I've only been involved in one construction planning project (coincidentally though, it was for a small hockey rink). So I make no claim to any expertise. But before we could even get off the ground, we needed environmental impact assessment, energy usage estimates, parking layouts, traffic remediation studies, plans for how we were going to integrate traffic into the city's upcoming metro project, etc, etc, etc. And that was for only a 50 seat rink, on a pre-existing commercial site. I get that there is a lot of legwork.
Which is why it seems very odd that the Flames are most of a decade into a billion dollar project, and they're at the stage of "We want to put a stadium in the west village." Massive environmental remediation project which will cost hundreds of millions of dollars? Not part of the plan yet. Parking for tens of thousands of people? No parking. Infrastructure impact of dropping an 80,000 person facility into the downtown of a major city? They don't anticipate any infrastructure impact. Does the city even want an arena, which will cost them hundreds of millions of dollars, be built on city land, be under their ownership, and have significant property tax implications? Don't know, we haven't really asked them yet.
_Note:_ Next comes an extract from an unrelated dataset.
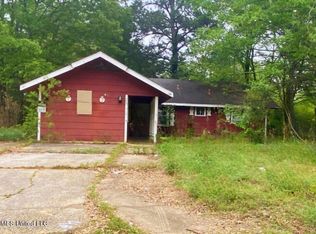340 Queen Theresa Ln, Jackson, MS 39209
18 years seems like a perfectly reasonable time frame to me for a project this big. But we're still at the stage of not even knowing whether the proposed owner actually wants to own it.
I wasn't expect all the i's to be dotted and t's crossed. But I was expecting an announcement about how the City and the Flames are hoping to get a new arena built, and what the scope of it is, and that they are working together towards an agreement based on some proposed framework which they've been hammering out for several years. Not "Here's a vague idea, it'll cost about a billion dollars but we don't have any realistic cost estimates yet. There is no Plan B, so take it or leave it", with the mayor's office replying "There's no money for this, it's not in our plans, and we're not committing to anything".
Maybe the Flames have done all this legwork, and are just keeping it close to the vest for negotiating purposes, but Nenshi pretty explicitly said: "This project was announced, frankly, without all of the homework being done". Which is the view from where I sit too. And it's pretty clear that the city did not have a major hand in the concept either.